Es a través de ella como la sociedad puede incidir y exigir un comportamiento integral de las instituciones, específicamente de aquellas que se encargan de organizar elecciones, surge entonces el concepto de integridad electoral que se encuentra íntimamente relacionada con la calidad que tienen las elecciones.
Esa integridad se refiere al grado en que las instituciones cumplen con estándares de equidad, libertad, transparencia, competitividad e imparcialidad. Es la correspondencia entre valores y normas.
En México, la llamada transición a la democracia, ha descansado en el ámbito electoral por ello el gran número de reformas electorales con las que contamos.
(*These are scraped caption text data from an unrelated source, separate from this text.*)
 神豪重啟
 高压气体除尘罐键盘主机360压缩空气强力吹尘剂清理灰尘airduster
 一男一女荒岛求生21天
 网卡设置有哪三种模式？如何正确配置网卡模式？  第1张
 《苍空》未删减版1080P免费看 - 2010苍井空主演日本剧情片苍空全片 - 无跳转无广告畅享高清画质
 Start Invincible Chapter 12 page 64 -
La desconfianza y el abuso del poder hizo que se pugnara por contar con órganos electorales independientes y profesionales en aras de tener imparcialidad.
La última reforma justo tuvo como eje romper con el control que los ejecutivos locales tenían en la designación de las autoridades electorales.
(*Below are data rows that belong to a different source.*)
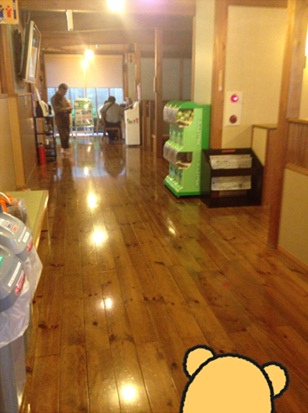 湯楽前編36.jpg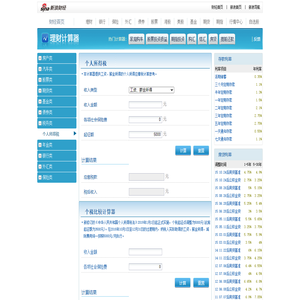 个人所得税_理财计算器_财经_新浪网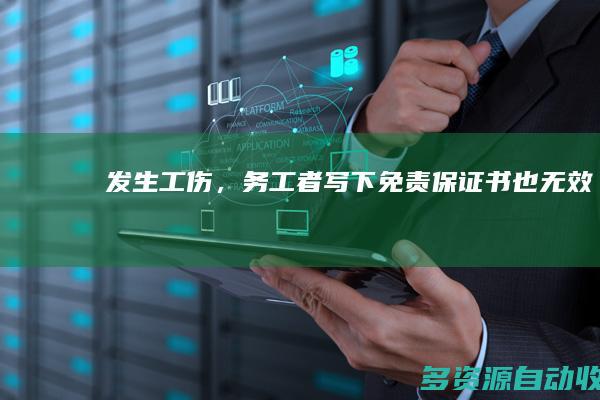 发生工伤，务工者写下免责“保证书”也无效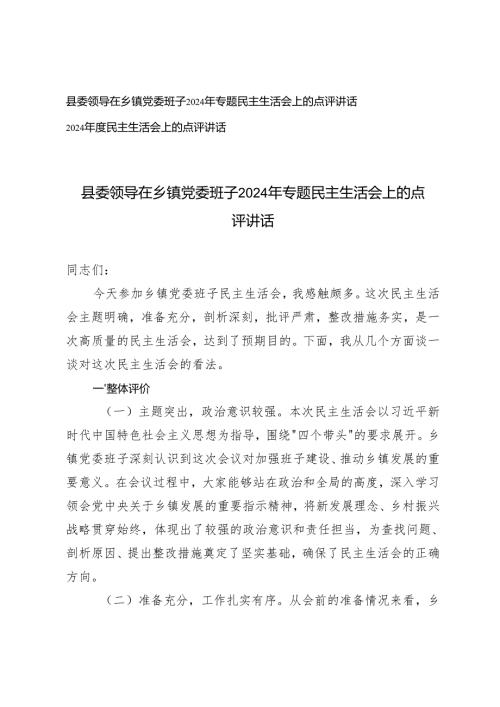 2025年县委领导在乡镇党委班子专题民主生活会上的点评讲话.docx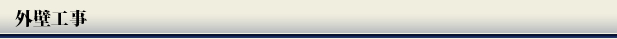 外壁工事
Sin embargo, estudios como el de Irma Méndez de Hoyos, reflejan un magro desempeño en imparcialidad y débiles resultados en independencia y profesionalismo al arrojar como resultado de dicha investigación un alto partidismo que puede medirse en las votaciones y argumentos vertidos en sesiones de los diferentes órganos electorales.
Es claro que existe un déficit en la integridad electoral el cual debe modificarse a partir de los valores éticos, de transparencia, de autonomía atendiendo la realidad y tomando decisiones en consecuencia.
La autocrítica debe ser practicada, y en el Estado de México vale la pena cuestionarnos y medir la integridad electoral que ha existido y cómo la cultura política de los y las mexiquenses exige cambios en el actuar de muchos y muchas.